# Handbag/Purse Storage



## 54626 (Sep 2, 2006)

I'm hoping you ladies have some suggestions as far as how to store or display purses in your homes.  I figure if we all share, we'll be a lot better off.  I know several females that line the tops of their closets with their handbags.  I'm curious if any of you have DIY purse hangers, or purse hooks/displays that hang on your walls.  So, if anyone has any creative ideas as far as purse storage--definitely share it here.

Cheers! 
and thanks ahead of time.


----------



## maxcat (Sep 4, 2006)

Bump.
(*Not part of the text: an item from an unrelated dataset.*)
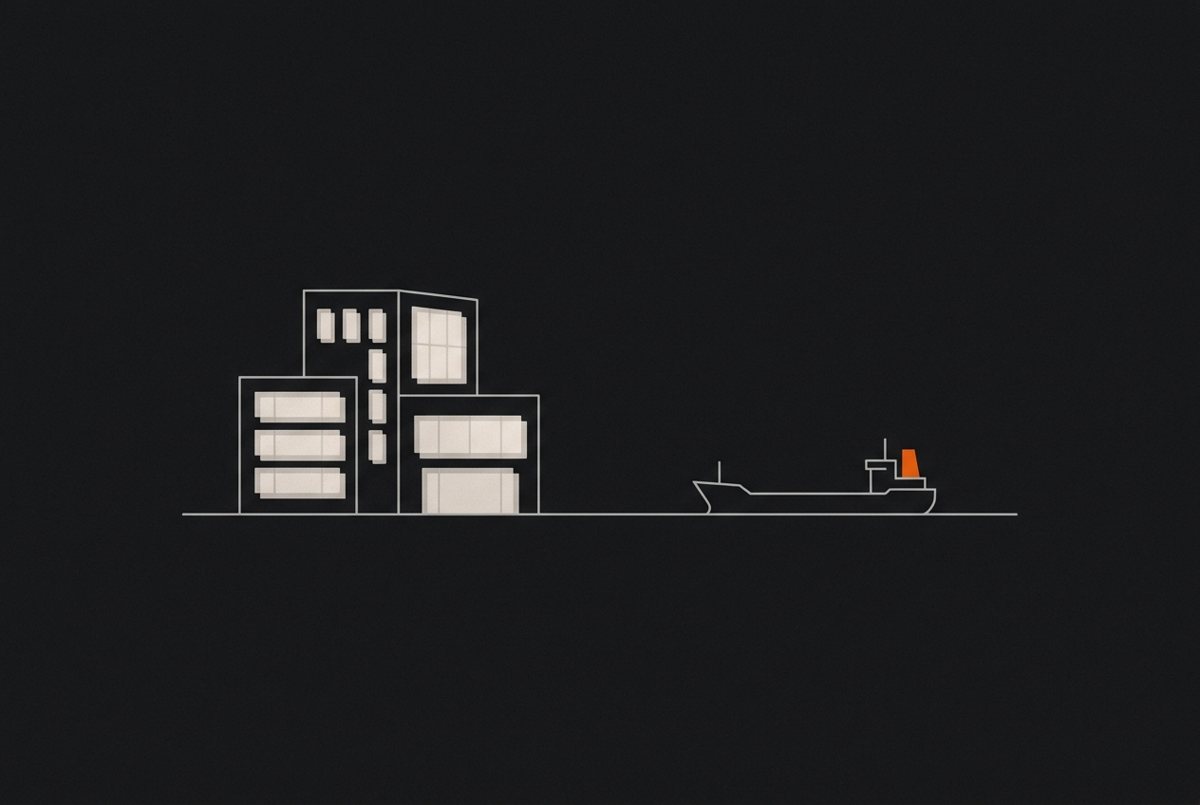 Line illustration of an office building beside a ship on the horizon, one orange funnel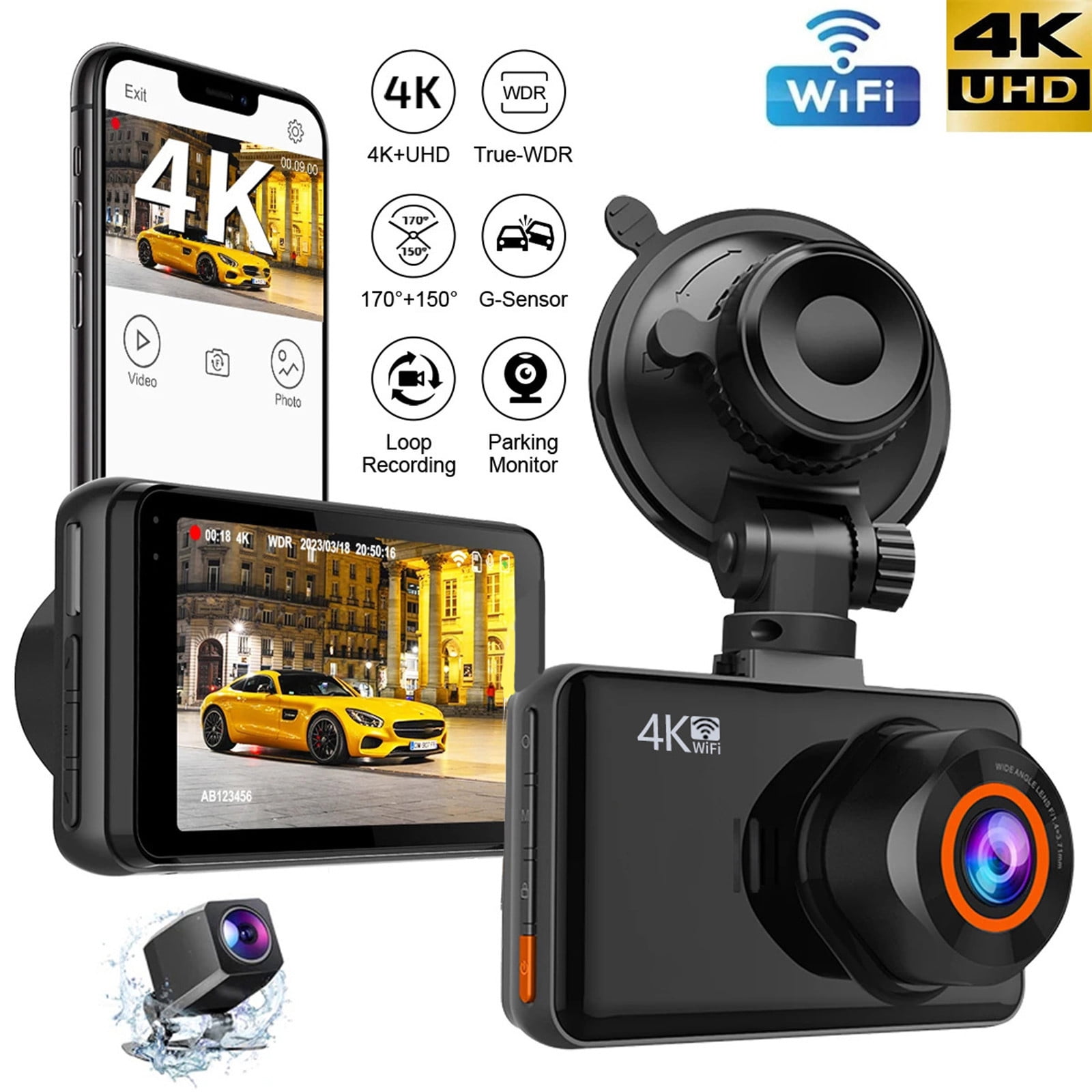 Full Hd Dash Cam With Motion Sensor Dash Cam for Cars, 4K Full HD Dash Camera, Dashcam with Night Vision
Because I'd like to know, too. 
They're out of control and there's no good place to store them.


----------



## eye_pr0mise (Sep 4, 2006)

for the bags that are more expensive go on hooks on my wall. they're decorative hooks that i got from PBteen and for the other bags that i dont use very much go in one of those big plastic storage drawers.


----------



## Lady_MAC (Sep 4, 2006)

^ I'm just like here. I buy those self-adhesive coat hangers and put them around my room, but that's only for the ones that I spend a hundred or more on. The few cheapies I have are hung on my closet door knob.


----------



## Juneplum (Sep 4, 2006)

i keep all of mine in their dustbags and boxes in my closet


----------



## queenofdisaster (Sep 10, 2006)

i hang mine on hangers. hehe.


----------



## mzcelaneous (Sep 10, 2006)

Quote:

   Originally Posted by *Juneplum* 
_i keep all of mine in their dustbags and boxes in my closet 
	

	
	
		
		

		
		
	


	


_

 
Me too. All my purses are kept nicely in the boxes they came home in. My mother gave me her old designer purses and they're in perfect condition because she store em that way. She told me that hanging them can destroy or alter the straps if they're leather so I listen to her! Hehe. 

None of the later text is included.